Friday was the big day, and in the morning I took a stroll down F St. to the White House gate, and started meeting all sorts of great fellow advocates. Once we all got together, we went through security and headed into the Eisenhower Executive Office Building, one of two office buildings that flank the White House on the premise. We filed in and took our seats in a small auditorium, and listened to the following and surprisingly long list of speakers.
- Gayle Smith (Director of the NSC) and co-founder of the Enough Project, talked about America’s transition from a unilateral actor to a multilateral actor in development and international affairs, and emphasized the importance of security, economics, and values in humanitarian aid. She talked a lot about long-term solutions and referenced some advancements in the aid sector.
- Erin Mazursky (Youth Advisor, USAID), formerly of STAND fame, talked about the link between youth advocacy and conflicts, emphasizing the importance of the younger generation to be involved. Herself a product of that, it was great to hear her talk about her work for USAID in helping youth around the world, and she said that many in the development sector see advocacy as “the wind in our sails,” which is always uplifting to hear.
- Andrew Sweet (from the Office of Conflict Management and Mitigation at USAID), who used to be at the Enough Project, talked a lot about OCMM’s work in producing alert lists of countries at risk of falling into conflict. He also made several references to conflict assessment and contributions to local reconciliation efforts to prevent conflicts in post-conflict zones. In response to some questions, he also referenced that the U.S. was going beyond MDGs in a lot of developing countries, with other goals such as legitimate political systems, justice, and security.
- Brooke Anderson (Chief of Staff of National Security Council) took a lot of questions and tried very hard to understand where all of us advocates were coming from.
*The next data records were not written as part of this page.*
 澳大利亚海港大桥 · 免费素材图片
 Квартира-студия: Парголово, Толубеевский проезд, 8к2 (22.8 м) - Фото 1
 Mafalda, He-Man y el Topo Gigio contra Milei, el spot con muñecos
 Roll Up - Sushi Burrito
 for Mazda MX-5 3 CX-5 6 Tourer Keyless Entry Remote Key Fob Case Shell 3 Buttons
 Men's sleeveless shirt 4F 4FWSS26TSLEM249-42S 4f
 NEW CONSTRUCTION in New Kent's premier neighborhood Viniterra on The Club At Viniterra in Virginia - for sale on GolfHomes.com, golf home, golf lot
In the course of answering questions, she referenced the importance of crisis mapping and that problems in the DRC needed to be addressed, but our group did not get any LRA questions in really.
- Esther Brimmer (Assistant Secretary for International Organizations at the State Department) talked primarily about the UN, saying that the U.S. needed to not just support peacekeeping mandates but also to ensure they had viable plans. She referenced the UN’s role in Côte d’Ivoire and the Human Rights Council. She dodged a question about the LRA, probably because it wasn’t really in her job description. However, she did say that witness protection was a priority, which it definitely needs to be. When asked how to face opponents to UN funds, she reiterated the importance of sharing the burden of peacekeeping around the world.
Originally, myself and two others were supposed to meet with Jon Carson, the director of OPE, to express a little bit of urgency about the President’s LRA Strategy. That got cancelled at the last minute, and I ended up joining everyone for a self-guided tour through the East Wing! From there we split up for lunch before reconvening, and then the following people spoke:
- Mark Doms (Chief Economist, Department of Commerce) gave a prolonged talk about the current recession, replete with pretty graphs and humorous interludes. Talking points included European debt problems, international uncertainties in the global market, and dependence on foreign fuel.
- David Plouffe (Senior Advisor to the President), also former campaign manager for the Big O, talked a lot about how to move forwards, shifting between calling himself a progressive but also mentioning the importance of balancing budgets. He took questions for a long time, and when asked what President Obama wanted his foreign policy legacy to be, he speculated that it would be ending the war in Iraq, giving AfPak the attention it needed, reestablishing the U.S. leadership role, and non-proliferation (a la START). In short, a “cleaner and safer planet.”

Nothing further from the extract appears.